God calls you to a life of obedience. Now, at this point, you may be asking, “How is this possible? My sins have power over me. How can I live a life of obedience?”  As soon you see that God calls you to a life of obedience, a relentless war against the sin that lurks within you, it’s easy to jump from the casual presumption that all is well with you to a deep despair that there may be no hope for you.

The Gospel Answer to Legalism:

God Calls You to a Life of Faith

“Through him and for his name’s sake, we received grace and apostleship to call people from among all the Gentiles to the obedience that comes from faith.” Romans 1:5

Faith brings you into a living union with Christ

Faith is the bond of a living union with Jesus Christ, so, the obedience of faith is obedience that arises out of union with Jesus Christ:

“I am the vine, you are the branches.” John 15:5

“I have been crucified with Christ and I no longer live, Christ lives in me. The life I live in the body, I live by faith in the Son of God, who loved me and gave Himself for me.” Galatians 2:20

God calls us to a life of faith, not just a moment of faith, or a decision of faith: “We live [walk] by faith, not by sight” (2 Corinthians 5:7). A life of obedience arises out of a life of faith.

The obedience of faith is very different from the obedience of works. The obedience of works—you trying harder this week—is an effort that you have to find within yourself. But the obedience of faith arises from the bond of a living union with Jesus Christ.

Here you are, struggling with sin. You are not comfortable with it. You have fallen many times. What is your hope of overcoming? “Christ in you, the hope of glory” (Colossians 1:27).

Christ came to save His people from their sins. That means He came to make obedience possible. He is able to deliver you from the power of sin over you.  That deliverance will be complete in heaven. But what He completes in heaven, He begins now. The obedience of faith is about pursuing the power of Christ now, an obedience that will be complete by the grace of Christ then.

This opens the door of hope. God does not call you to obey, so that you can come to Christ. He calls you to come to Christ, so that you can obey.

Professor Donald Macleod says it well:

“Christ is offered to us simply as sinners: not as prepared sinners, seeking sinners, interested sinners, awakened sinners, reformed sinners or anything else. We need not – indeed, we must not – delay coming to Christ until we have put away sin. If we do we will never come.  Sin can be conquered only in union with Him. It cannot be conquered before we come to Him.”[1]

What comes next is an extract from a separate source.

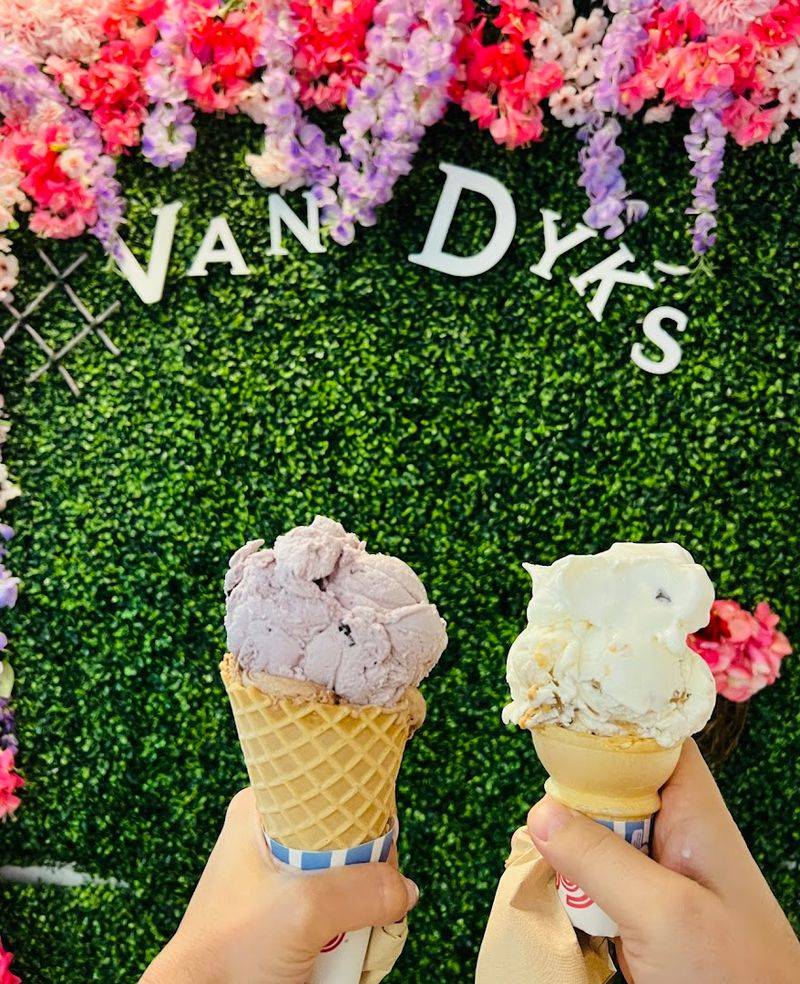 A Bergen County Institution Over 40 Years in the Making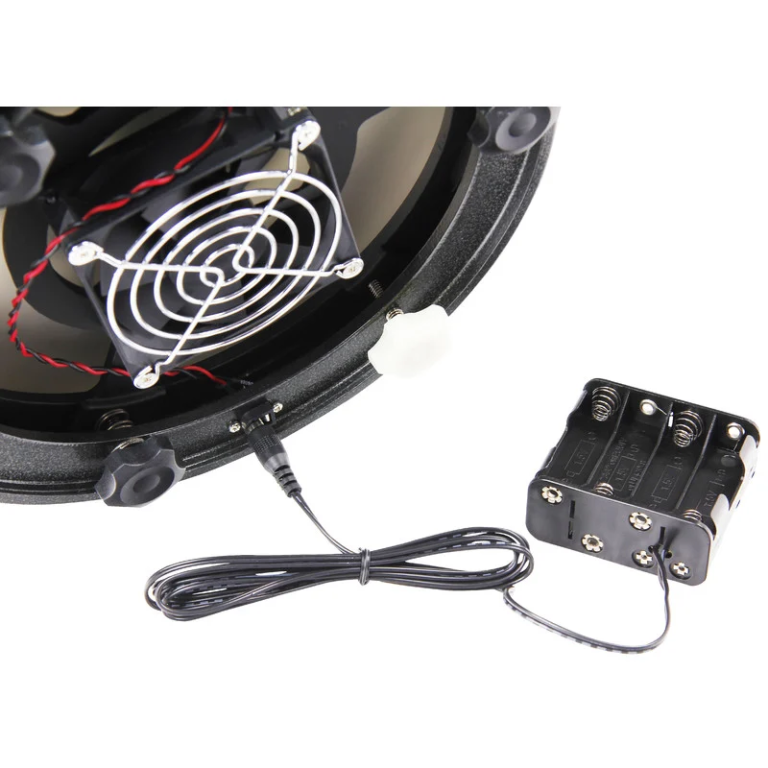 Omegon Τηλεσκόπιο Dobson Advanced X N 203/1200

This truth is made beautifully clear in one of our great hymns:

“Come you sinners, poor and needy, weak and wounded sick and sore.
Jesus, ready, stands to save you, full of pity, love and power. 

 Let not conscience make you linger nor of fitness fondly dream.
All the fitness He requireth, is to feel your need of Him.

Come you weary heaven laden, bruised and ruined by the fall
If you wait until you’re better you will never come at all! [2]

 Bad conscience is a reason to come to Christ, not to say away from Him today:

“Just as I am and waiting not to rid my soul of one dark blot.
To Thee whose blood can cleanse each spot O lamb of God I come.” [3]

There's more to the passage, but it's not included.